Shevchenko was sent to prison in Saint Petersburg. He was exiled as a private with the Russian military Orenburg garrison at Orsk, near Orenburg, near the Ural Mountains. Tsar Nicholas I, confirming his sentence, added to it, "Under the strictest surveillance, with a ban on writing and painting." It was not until 1857 that Shevchenko finally returned from exile after receiving a pardon, though he was not permitted to return to St. Petersburg but was exiled to Nizhniy Novgorod. In May of 1859, Shevchenko got permission to go to Ukraine. He intended to buy a plot of land not far from the village of Pekariv and settle in Ukraine. In July, he was arrested on a charge of blasphemy, but was released and ordered to return to St. Petersburg.

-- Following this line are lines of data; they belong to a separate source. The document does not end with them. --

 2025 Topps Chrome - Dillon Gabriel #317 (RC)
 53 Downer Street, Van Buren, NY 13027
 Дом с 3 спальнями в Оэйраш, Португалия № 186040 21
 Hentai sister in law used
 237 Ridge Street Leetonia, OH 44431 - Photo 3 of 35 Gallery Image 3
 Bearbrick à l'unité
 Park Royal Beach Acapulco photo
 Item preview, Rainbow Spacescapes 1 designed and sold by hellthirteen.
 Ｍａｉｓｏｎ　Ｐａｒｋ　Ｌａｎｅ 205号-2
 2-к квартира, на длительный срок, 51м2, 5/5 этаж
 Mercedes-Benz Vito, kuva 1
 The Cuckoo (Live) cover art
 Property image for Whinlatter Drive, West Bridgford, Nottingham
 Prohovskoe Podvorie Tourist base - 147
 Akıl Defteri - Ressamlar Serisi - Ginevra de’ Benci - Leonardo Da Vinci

Taras Shevchenko spent the last years of his life working on new poetry, paintings, and engravings, as well as editing his older works. But after his difficult years in exile his final illness proved too much. Shevchenko died in Saint Petersburg on March 10, 1861. He was first buried at the Smolensk Cemetery in Saint Petersburg. However, fulfilling Shevchenko’s wish, as expressed in his poem "Testament" (Zapovit), to be buried in Ukraine, his friends arranged to transfer his remains by train to Moscow and then by horse-drawn wagon to his native land. Shevchenko’s remains were buried on May 8 on Chernecha Hora (Monk’s Hill; now Tarasova Hora) by the Dnieper River near Kaniv. A tall mound was erected over his grave, now a memorial part of the Kaniv Museum-Preserve.

The poet died seven days before the Emancipation of Serfs was announced.